**Action item**.
Include in the output the line containing "Зимний пейзаж - домик, зима, природа, река, пейзаж" and each subsequent line of the records, through the end, transcribed exactly. Add nothing else.

**Recorded data**.
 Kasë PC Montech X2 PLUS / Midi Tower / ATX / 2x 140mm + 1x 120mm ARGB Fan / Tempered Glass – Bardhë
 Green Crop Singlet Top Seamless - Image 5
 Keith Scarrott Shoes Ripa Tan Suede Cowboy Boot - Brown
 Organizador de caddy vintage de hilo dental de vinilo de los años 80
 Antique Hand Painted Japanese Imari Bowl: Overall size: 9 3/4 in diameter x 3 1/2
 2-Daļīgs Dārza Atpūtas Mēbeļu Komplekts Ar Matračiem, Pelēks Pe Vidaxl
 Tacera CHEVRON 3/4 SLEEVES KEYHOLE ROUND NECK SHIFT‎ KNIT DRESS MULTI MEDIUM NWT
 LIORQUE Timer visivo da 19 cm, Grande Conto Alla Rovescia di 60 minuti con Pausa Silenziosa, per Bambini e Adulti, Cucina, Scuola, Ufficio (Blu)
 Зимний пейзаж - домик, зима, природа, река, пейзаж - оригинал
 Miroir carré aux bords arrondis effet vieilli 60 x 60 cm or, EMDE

**Response area**.
 Зимний пейзаж - домик, зима, природа, река, пейзаж - оригинал
 Miroir carré aux bords arrondis effet vieilli 60 x 60 cm or, EMDE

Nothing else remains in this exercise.